A basketball game is played in St. Peter's Square at the Vatican in the presence of Pope Pius XII in 1955. (CNS photo/Vatican's Pontifical Council for the Laity)Priests and seminarians studying at Rome’s pontifical universities and institutions are warming up for season two of the Clericus Cup, which kicks off in a couple days. The immensely popular soccer series was established late last year by the Catholic Italian Sports Center and was based on a brainstorm idea by the Vatican’s “numero uno” soccer fan, Cardinal Tarcisio Bertone.

But first some new news: seminarians are also going to get a chance to fine tune their shooting skills — swishing nets, that is. A new basketball tournament is going to be unveiled soon (though it won’t be played in St. Peter’s Square like the game shown here in 1955). An Italian Sports Center representative recently confirmed a rumor I had heard that the seminarians were expanding their priestly sports series to include hoops. He said the new basketball tournament was expected to be announced in February. So heads up: priests can jump!

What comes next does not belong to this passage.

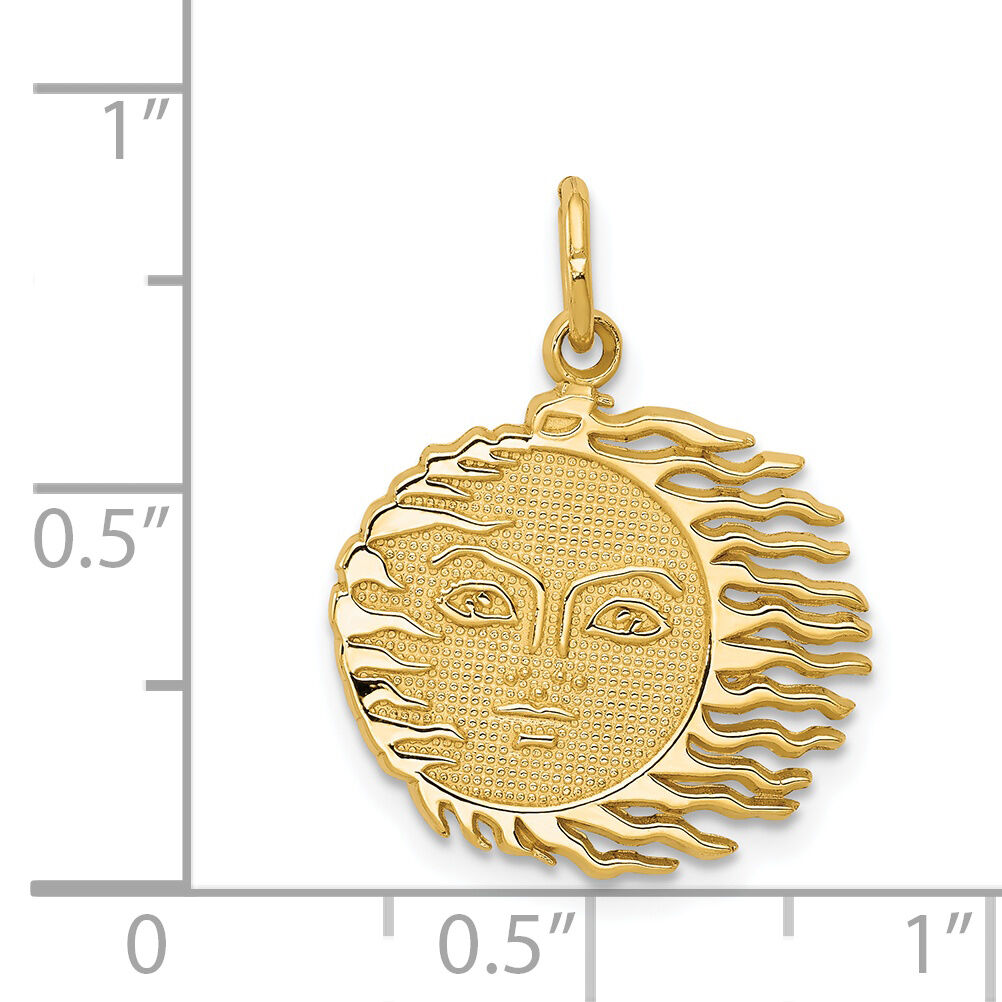 14k Flaming Sun Charm-K3194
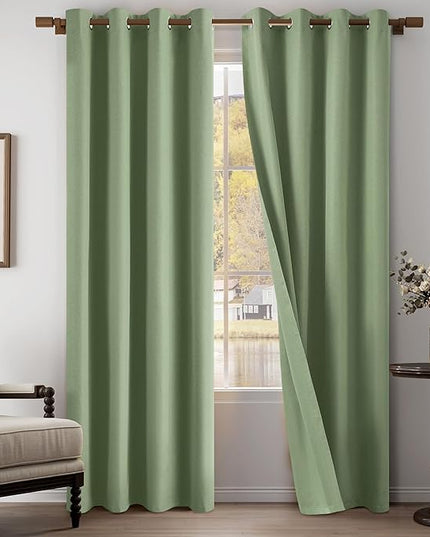 100% Blackout Linen Textured Curtains 95 Inch Length 2 Panels Set for Living Room, Bedroom, Light Weight Curtains with Grommets Top, Full Blackout Curtains Privacy Protection, Green, 52" W x 95" L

Photo courtesy of the Italian Sports Center

Now, rebound back to soccer: An all-new lineup is in store featuring 16 teams with players from 50 different nations. The new season will open on Tuesday as players from the Legionaries of Christ’s Mater Ecclesiae go head to head against players from Rome’s major seminary.

The North American College team (check out this video on YouTube), which showed surprisingly strong performances during the first season, is due to vie again for the coveted Clericus Cup. The 2007 trophy was nabbed by undefeated champions Redemtoris Mater — the Neocatechumenal Way’s Rome seminary.

A few of the technical differences between Clericus Cup games and regular league soccer? Aside from players and fans having lots more spirit, Clericus Cup soccer games run 30-minute halves instead of 45-minute halves. Referees also have another penalty option. In addition to the yellow warning card and the red expulsion card, they can flash a blue card, which requires an overly aggressive player to leave the field for five minutes … presumably to pray for more patience.